Before we get any farther, I have to point out that I have no official rights or permission to do this. It’s a quick work love for a book/radio/etc series that I feel very attached to. Please don’t sue me.
I’d also like to thank the participants of this Google+ thread for helping come up with this concept, particularly and
The base for this game is Fate Accelerated, which is lightweight enough to handle the spontaneous wackiness of a HHG2tG universe. That means 6 approaches, one stress track of 3 boxes, an easy system for GMs making things up as they go.
Making characters for Don’t Panic is only a little different than standard Fate Accelerated. Like Fate Core, plan on taking a character creation session where players will interact with each other to generate their characters with interconnected back stories.
Start by making a High Concept aspect, such as “Two Headed Fugitive Galactic President” using the standard advice for making a High Concept Character Aspect. Proceed as normal except for these two changes to picking aspects:
Absurdity Character Aspect
This aspect replaces the Trouble Aspect, and serves a similar purpose, except the trouble characters get into this setting is a lot less normal than the average being. For example: “The President of The Galaxy is by definition the least qualified person for the job” is a good Absurdity Aspect for Zaphod.
The Phase Trio
Using the rules from Fate Core, develop the remaining three Character Aspects by interweaving the backstories from the various characters. For example: Arthur is Ford’s friend, Ford is Zaphod’s Cousin, Zaphod picked up Trillian at a Party, and Arthur failed to pick Trillian up at a party.
Scenarios of Don’t Panic are built around absurd but highly problematic problems which are called a “Panic.” The thing about a Panic, is that they dynamically created by the game instead of being planned in advance. This encourages them to be sufficiently wacky. This system based somewhat on Atomic Robo’s Brainstorm mechanics are the central piece of a Don’t Panic game.
The GM sets a scene and may even come up with some strange things going on, but it will be the players that determine what preposterous Panic they face. But first, the situation has to hit sufficient weirdness.
During a game, characters often enter a situation with their own fairly reasonable goals, such as getting a nice cup of tea or trying to survive. Under normal conditions, a very basic scene or two could play out where those objectives are resolved. In Don’t Panic, things are never this normal.
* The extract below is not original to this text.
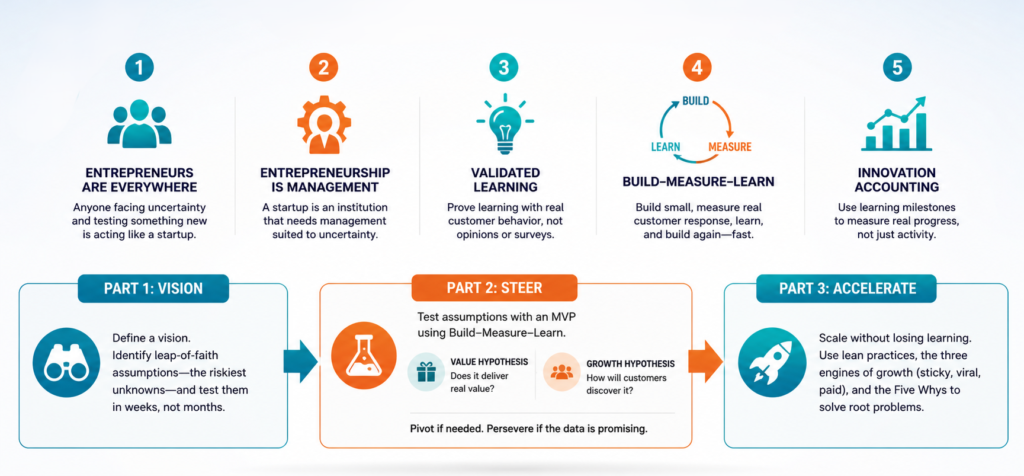 Lean Startup Summary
In order to advance the scenario, each player must put forward a single Weird Aspect connected to their Character. These aspects could be generated through Compels including Self Compels, Create Advantage, or even Invocation for Effect. They could even be Consequences your character as taken.
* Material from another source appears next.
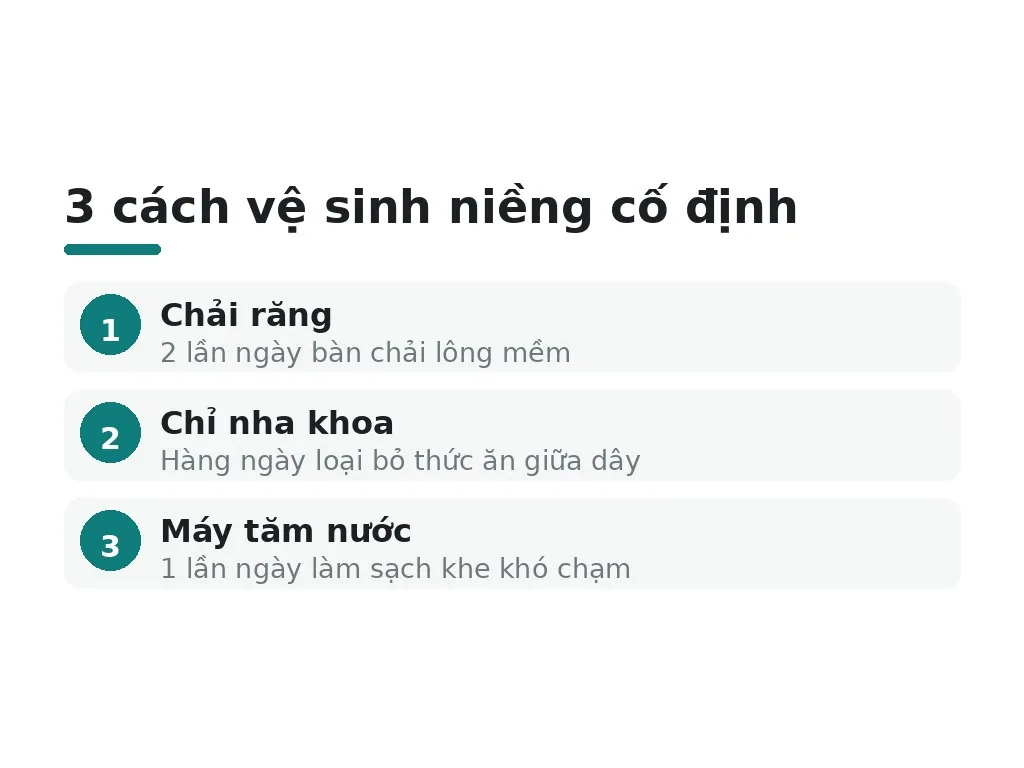 Vệ sinh hàm duy trì cố định dây kim loại như thế nào?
When a player offers up a Weird Aspect, the rest of the table gets to decide if it’s sufficiently strange and absurd enough. For example, “We need a drink” isn’t a strange enough aspect, but “We NEED a drink because our life depends on it” is. Weirdness is often relative. “Aliens are coming!” isn’t very weird in Milliway’s Restaurant at the End of the Universe, but it’s very weird for a Sleep English Village.
When a player’s Weirdness aspect is determined, they get a Fate Point. The Weird Aspect isn’t locked in, should a crazier one come up, but no more fate points are issued.
A scenario has reached sufficient weirdness when there is one Weirdness Aspect for each player.
At this point, a situation should be a little strange. Good. It’s time to figure out what’s going wrong that links all this strangeness so we can move the story along dealing with it.
Each player rolls an Approach that best matches their weirdness aspect. Whoever rolls the highest gets to make a new Panic Aspect for the scenario that ties all the weirdness aspect together. This new Panic Aspect becomes the Current Problem the players must overcome to complete the Scenario.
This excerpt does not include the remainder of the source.